The series includes animation by Ainslie Henderson and Will Anderson. It was filmed in Greater Manchester, with scenes shot on location in residential streets in Urmston, at the Wickes store and Covent Garden café in Stockport, the Garrick's Head pub in Flixton, and along the Bridgewater Canal under the M60 at junction 7.

On 8 September 2026, the BBC confirmed that Small Prophets would return for a second series, which will move from BBC Two to BBC One. The six-part series will be written and directed by Crook and produced by Isles.

== Release ==
The series premiered on BBC Two on 9 February 2026, with new episodes airing weekly. All episodes were released on BBC iPlayer the same day.

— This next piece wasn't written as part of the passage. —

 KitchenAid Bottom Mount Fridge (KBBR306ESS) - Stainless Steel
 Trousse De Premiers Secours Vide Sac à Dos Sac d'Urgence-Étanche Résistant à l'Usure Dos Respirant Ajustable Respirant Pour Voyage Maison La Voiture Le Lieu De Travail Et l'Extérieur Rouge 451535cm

It will make its American debut on 7 October 2026 on the Apple TV streaming service.

==Reception==
The series received five stars in The Guardian, where it was described as a "show full of gorgeous surprises" and "pure, pure pleasure". The series was given four stars in The Daily Telegraph, where it was described as "eccentric, funny, sweet, and sad – often all at once" with praise for the performances of Quigley and Palin. The series also received five stars in The Times with Crook praised for his "joyous storytelling" that "can make you feel strangely and intensely alive". The show won the award for "best series in the international panorama competition" at Series Mania 2026.

The show averaged 6.3m over 28-days. The first episode attracted 7.7 million viewers over 28 days, up to 9.2 million as of 8 September 2026.